Elemental by Kate Braid

Oct 8, 2019

Kate Braid’s 2018 book of poetry, Elemental, opens with a D. H. Lawrence quote about the energy, power and “dark sort of joy” we derive from the earthly elements that surround us. Braid goes on to explore our connectedness to the natural world, and the ways in which nature and natural materials—their properties, characteristics and mysteries—resonate in the patterns and currents of our lives. These connections have long been present in Braid’s writing, and her overlapping careers as writer, teacher, and carpenter are all represented here, with earlier writing placed alongside new poems to create a work that is both retrospective and current.

Written in five parts— “Water”, “Fire”, “Wood”, “Sky” and “Earth” —Braid begins each section with a brief autobiography as element. These short prose pieces narrate an awakening in some cases, an expanding in others, a reckoning elsewhere. For Braid, water is an all-encompassing embrace, fire is both hurtful and capable of warmth, wood is possibility, sky is powerful, generative, expansive. Of earth, she writes: “… I loved the deep rift in the earth of our street … I entered it … This is what it feels like to be a stone in the landscape of dark, to be buried and rise again …” (63) The poems that follow these autobiographies mine the character of the element they reference—in the case of “earth”, it’s supposed stability, its capacity to nurture, its forbearance, and its tendency to disrupt and ruin.

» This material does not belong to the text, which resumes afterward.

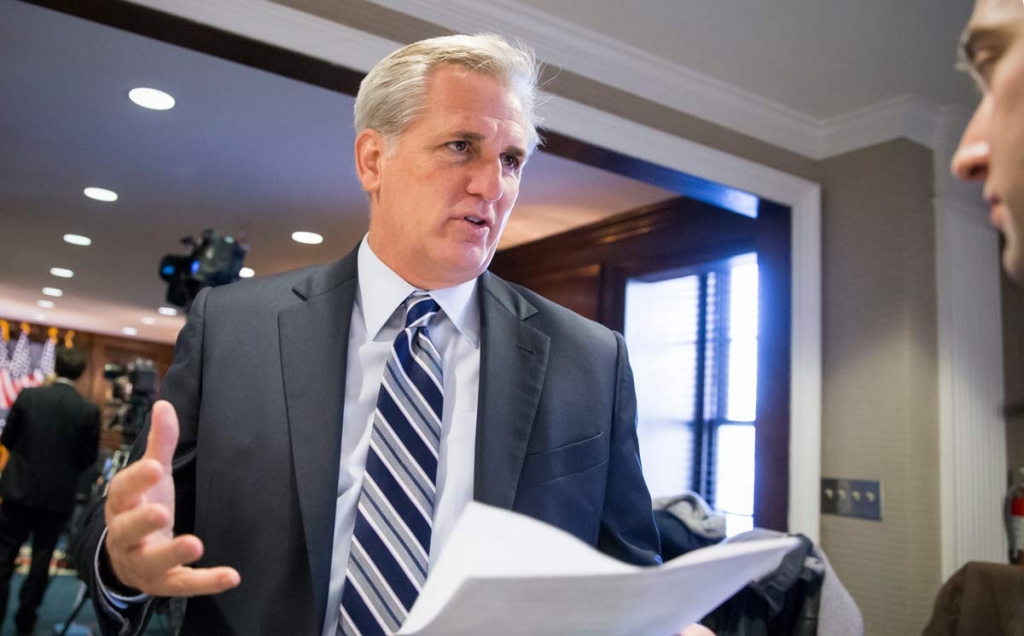 Majority Leader Kevin McCarthy R-Calif. speaks with a reporter following a closed-door GOP caucus meeting at the Republican National Headquarters on Capitol Hill in Washington Tuesday Dec. 8 2015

What is most compelling about this collection are Braid’s reflections on small revelations that arrive, unexpected, in brief moments when we step away from our preoccupation with technology and the compulsion to fill up all of our time. In “Listen”, she writes about quiet nights when “Bamboo sings a long song to the wind and the house sighs.” (23) In “Airplane Whine”, she catches the sudden “exotic roll of sapphire and silver” (59) that lights up the sky outside the window of the airplane, a casual glance arrested by a “cobalt and pearl panorama where fancy can wander unleased, no earplugs, no button necessary”. (59) And in “Wood Buffalo National Park” she describes a friend’s encounter with a buffalo, the deep capture of its animal gaze, “a lake, alive with everything you ever wanted to know … .” (72) This motif is recurrent throughout the collection, the small insights that tear us away from the daily and breathe fresh life into our imaginations, our hopes and our capacity to act with intention.

Taken together, the five sections of Elemental reveal Braid’s deeply reverent appreciation of the world around her. In the final poem, “You are a Traveller Standing in Front of a Mountain and Were Just Going to Say Something Important”, she considers the immensity of the natural world and our own insignificance, transience. She writes, “A small grey pebble rolls to the ground. Another traveller passes it by.” (88) She then closes the collection with a quote from Rumi about our beginnings as mineral, that we consistently forget this former state “except in early spring, when we slightly recall being green again.” (89) Braid’s writing, clear and direct, leads us back to Rumi’s spring.

Kate Braid is the author of several books of poetry, as well as non-fiction works. Her first book, Covering Rough Ground, won the 1992 Pat Lowther Memorial Award for best book of poetry by a Canadian woman poet. In 2015, she was awarded the Vancouver Mayor’s Award for the Literary Arts.

Elemental
by Kate Braid
Caitlin Press Inc., 2018, 96 pages, $18
978-1-987915-63-1


Jody Baltessen is an archivist and poet in Winnipeg.